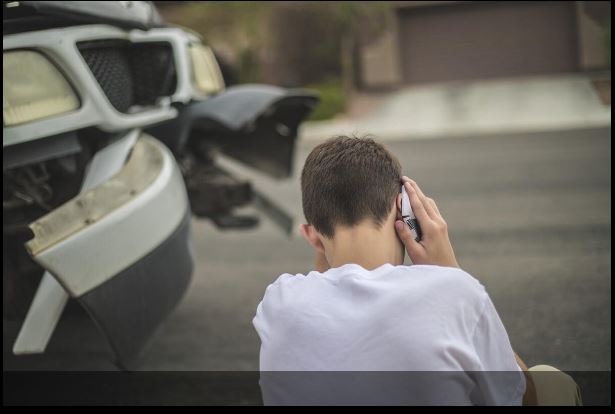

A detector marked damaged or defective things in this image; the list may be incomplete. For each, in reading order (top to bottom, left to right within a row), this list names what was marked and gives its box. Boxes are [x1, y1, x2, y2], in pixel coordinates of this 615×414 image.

detached bumper [25, 134, 194, 364]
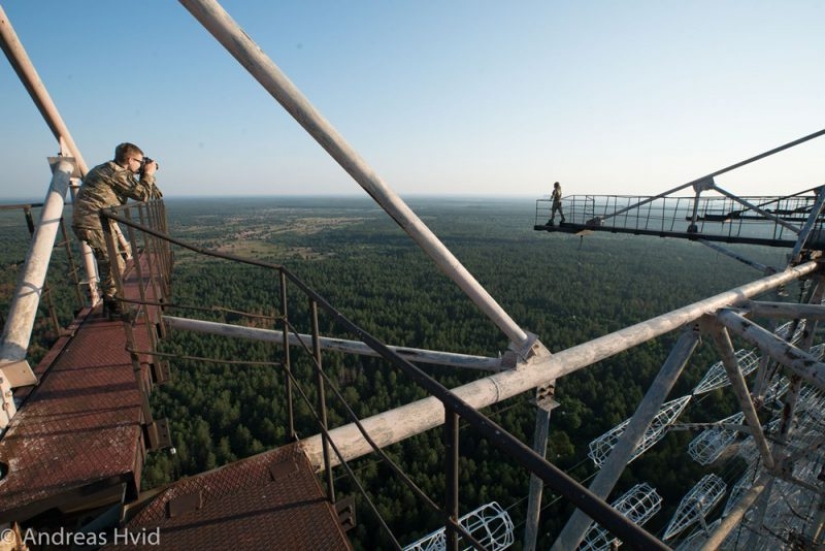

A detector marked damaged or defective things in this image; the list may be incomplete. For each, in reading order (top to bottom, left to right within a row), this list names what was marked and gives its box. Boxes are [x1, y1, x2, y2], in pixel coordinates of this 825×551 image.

rusted metal surface [110, 444, 350, 551]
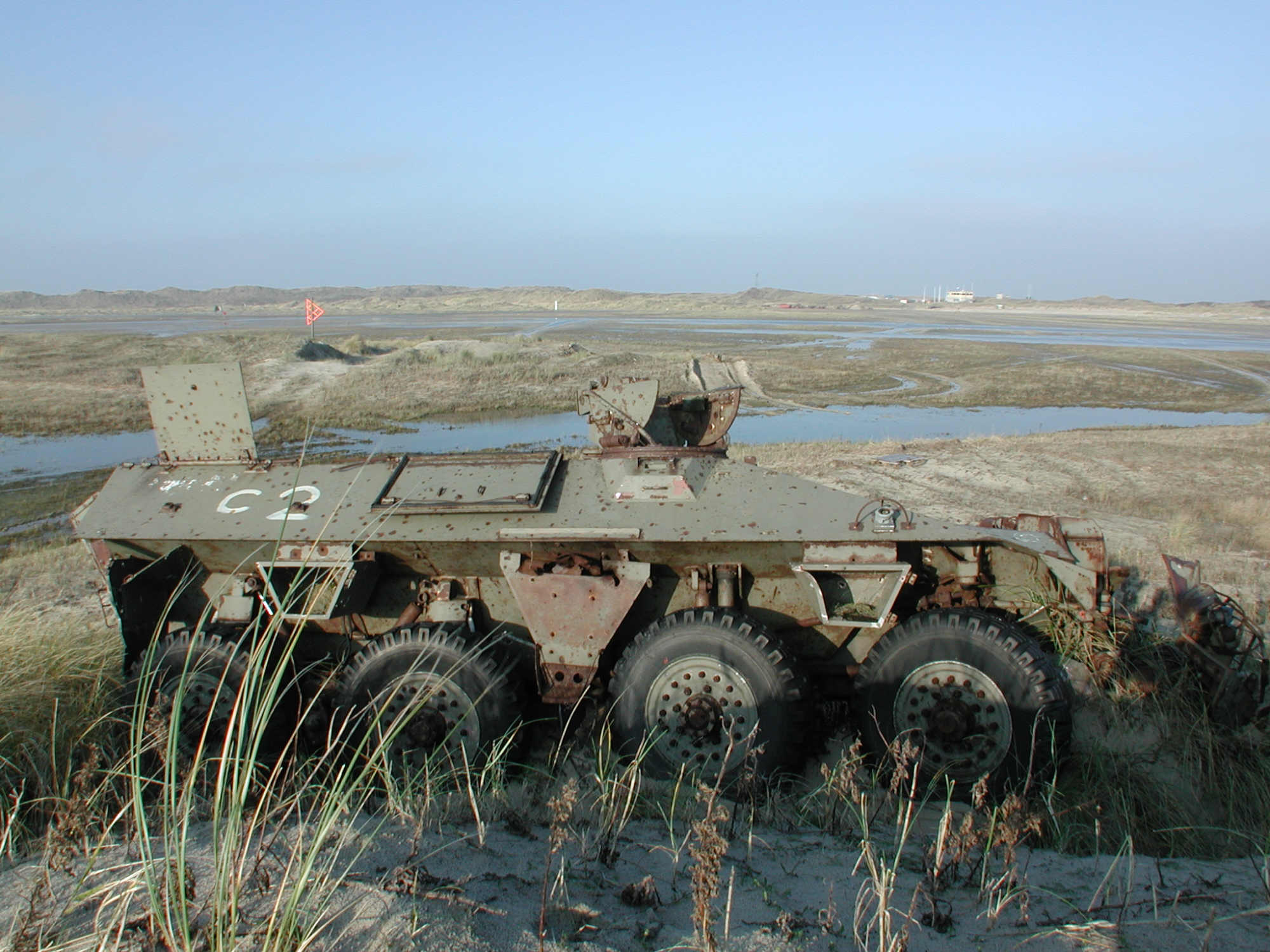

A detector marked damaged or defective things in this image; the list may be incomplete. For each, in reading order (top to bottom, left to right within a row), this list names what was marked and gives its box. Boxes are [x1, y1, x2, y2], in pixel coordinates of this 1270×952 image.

rusted armored vehicle [67, 363, 1240, 792]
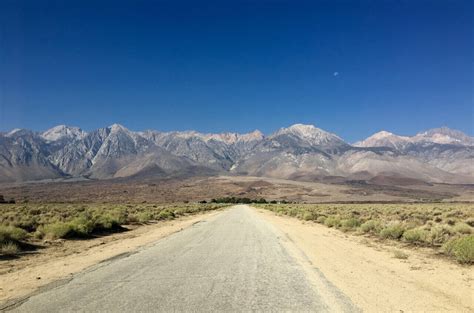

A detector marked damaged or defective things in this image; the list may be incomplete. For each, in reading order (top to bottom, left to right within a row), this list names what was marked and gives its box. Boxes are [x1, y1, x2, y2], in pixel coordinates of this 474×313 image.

cracked road surface [8, 205, 356, 312]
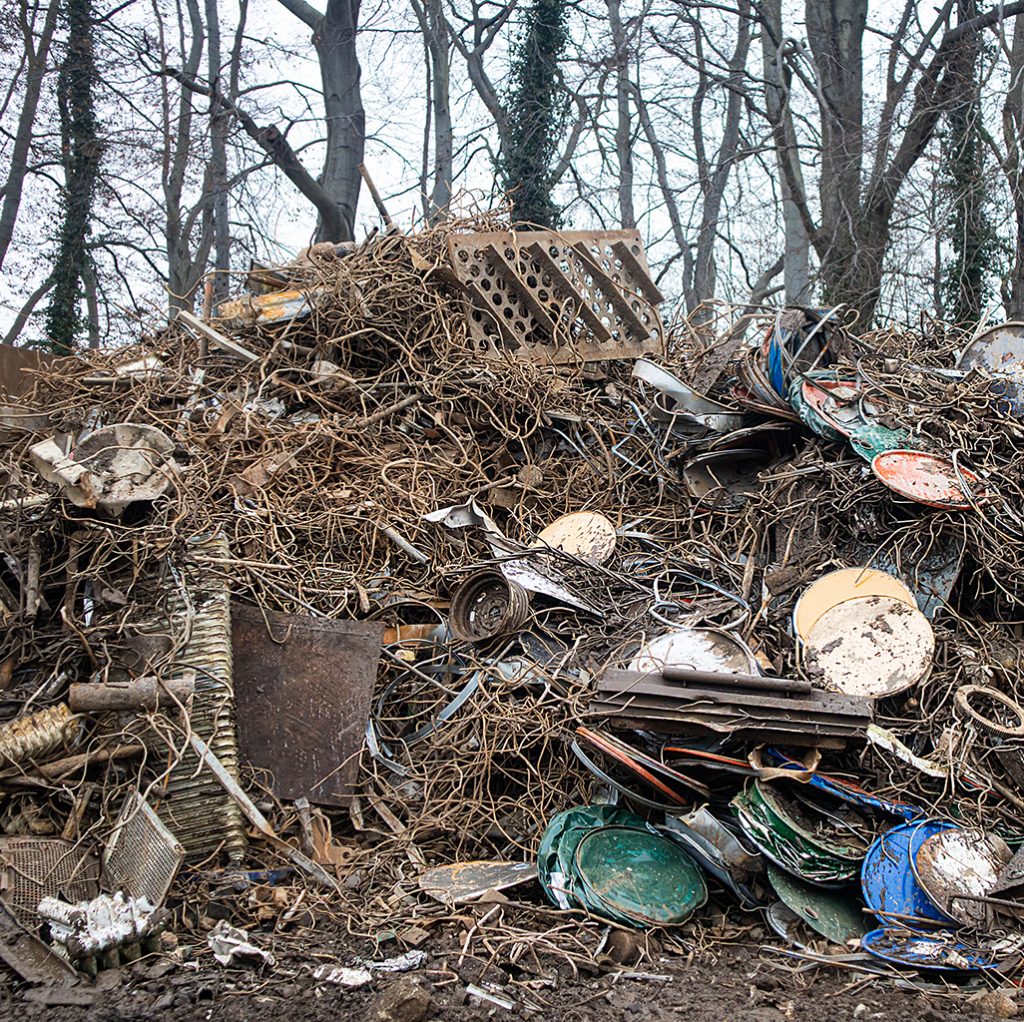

___

[WHAT YOU HAVE TO DO] From the first line to the last, set down the data exactly, without the pictures.

[TASK RESULT]
A detector marked damaged or defective things in this image; the list may be incomplete. For each, in reading order (top to bottom, left to right within a row), this list names what was marked and gives its box. Boxes are [x1, y1, x2, y2], in pixel coordinates of this 615×414 image.

detached bumper [25, 134, 194, 364]

A detector marked damaged or defective things in this image; the list may be incomplete. For each, in reading order (top to bottom, left to right within a row), this list names what was marked and gives its box. Boxes are [x1, y1, x2, y2], in pixel coordinates of this 825×551 image.

rusted metal surface [110, 444, 350, 551]

A detector marked damaged or defective things in this image; the list may be incomplete. For each, in reading order (top to bottom, left to right within a row), this list names what was marked and gives its box. Boxes are [x1, y1, x2, y2], in pixel coordinates of this 1270×952 image.

rusted armored vehicle [67, 363, 1240, 792]

A detector marked damaged or defective things in this image; the list may be incomplete. For each, in reading order (top to bottom, left to right within a row), this list names what was marked and gives its box. Boxes are [x1, y1, x2, y2], in pixel coordinates of this 474×313 image.

cracked road surface [8, 205, 356, 312]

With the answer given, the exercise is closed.